S’agit-il, rapproché de pinaudus, d’un élément à portée toponymique ? Vraisemblablement pas car, si c’était le cas, la formulation serait du type terra ou vinea ad plantas pinaudi. Dans une charte de 1213, rapportant la donation par Hervé, seigneur de Vierzon, de dîmes au monastère de Beaumont-lès-Tours pour le prieuré de Mennetou-sur-Cher près de Vierzon, sont utilisées des prépositions comme ad, infra, in pour introduire une localisation (infra parochiam Luriaci… in terram Graciaci… in terram Danesii… in parochiam de Sellei… in terram Pung-) (voir Pièce justificative 2). Ici la mention a une résonance topographique mémorielle, partagée par les acteurs locaux qui savaient où la terre, objet du litige, était localisée, plus que toponymique, au sens de nom de lieu fixé. Elle ne renvoie pas à un nom de lieu-dit caractérisé par la culture qui y était pratiquée (des vignes de pinot ou de pineau) mais au nom de celui qui la travaillait, qui peut-être la planta de vigne. La situation est très différente de celles des terres plantées de vignes bordelesches ou orléanaises mentionnées plus haut13. L’emploi du génitif pinaudi exprime la relation étroite entre la pièce de terre en question et un nom, de personne selon toute vraisemblance.

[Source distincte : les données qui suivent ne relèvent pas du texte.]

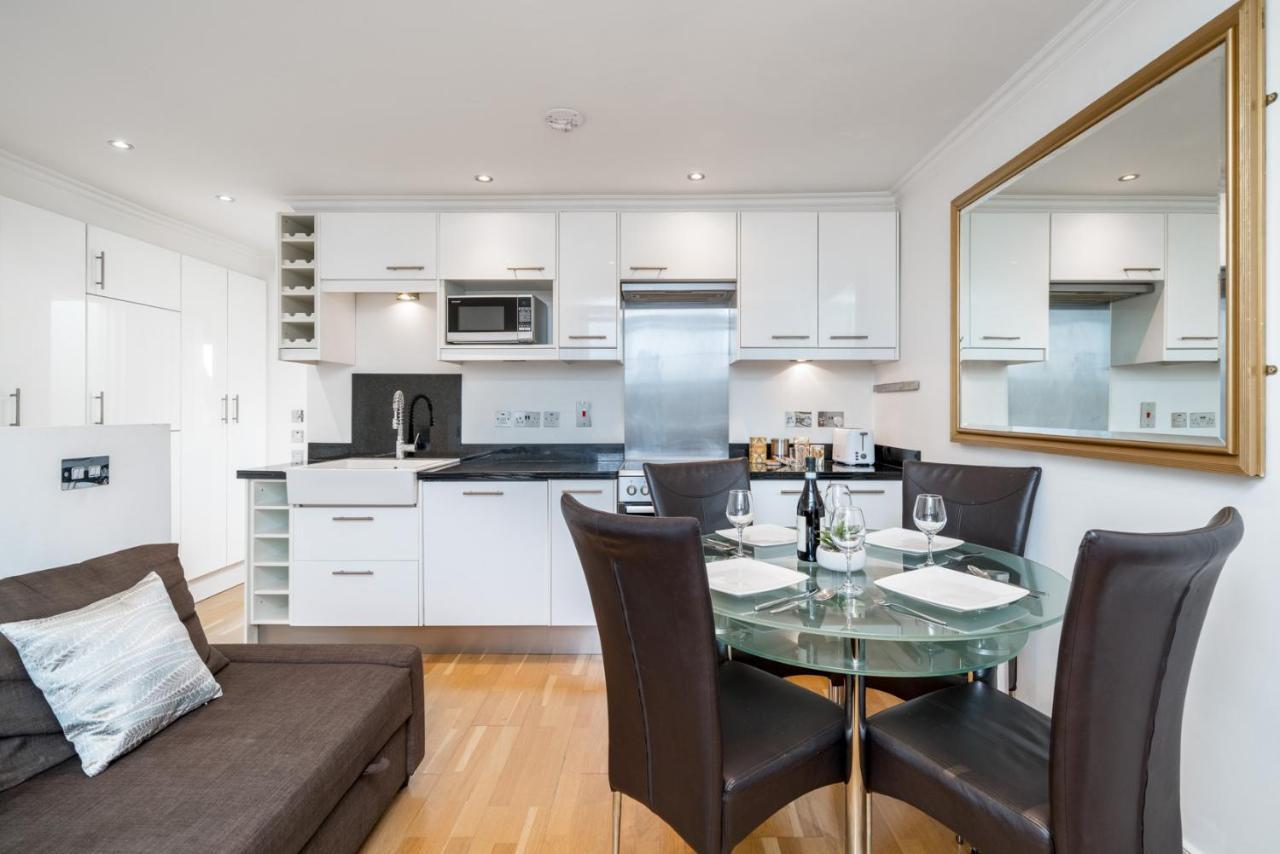 Camden Town Appartement Londen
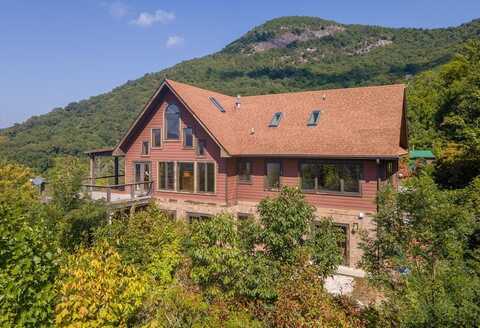 37 Jones Knob Road, Franklin, NC 28734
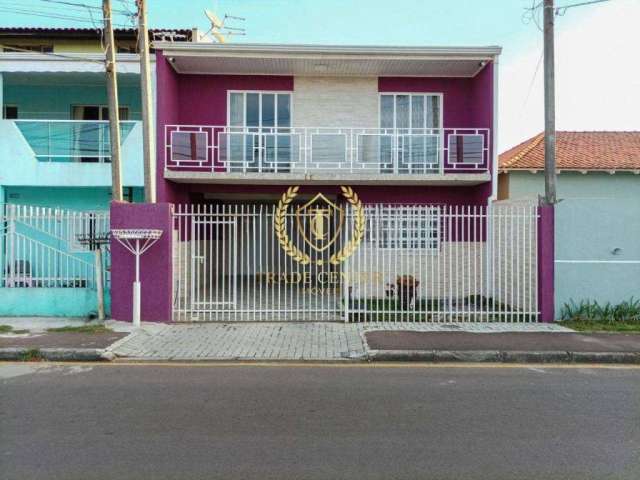 Casa à venda em São José dos Pinhais/PR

Les vignes d’un dénommé Pinaud
Si l’on revient, en conclusion, à la locution nominale plantae pinaudi, alors l’expression du renoncement des moniales touche ce que l’on pourrait dénommer, faute de mieux, et pour conserver l’ambiguïté polysémique de planta, « les vignes de Pinaud », lieu planté assez longtemps auparavant par un dénommé Pinaud dont n’a été conservé que le surnom. La localisation de cette vigne, connue des parties, n’est pas précisée dans la charte. Si la probabilité que planta désigne une vigne est très forte, en revanche il peut être exclu que ces vignes portent le nom d’un plant ou d’un raisin, Pinot bourguignon ou Pineau ligérien, que l’on retrouve plus tard dans les sources écrites.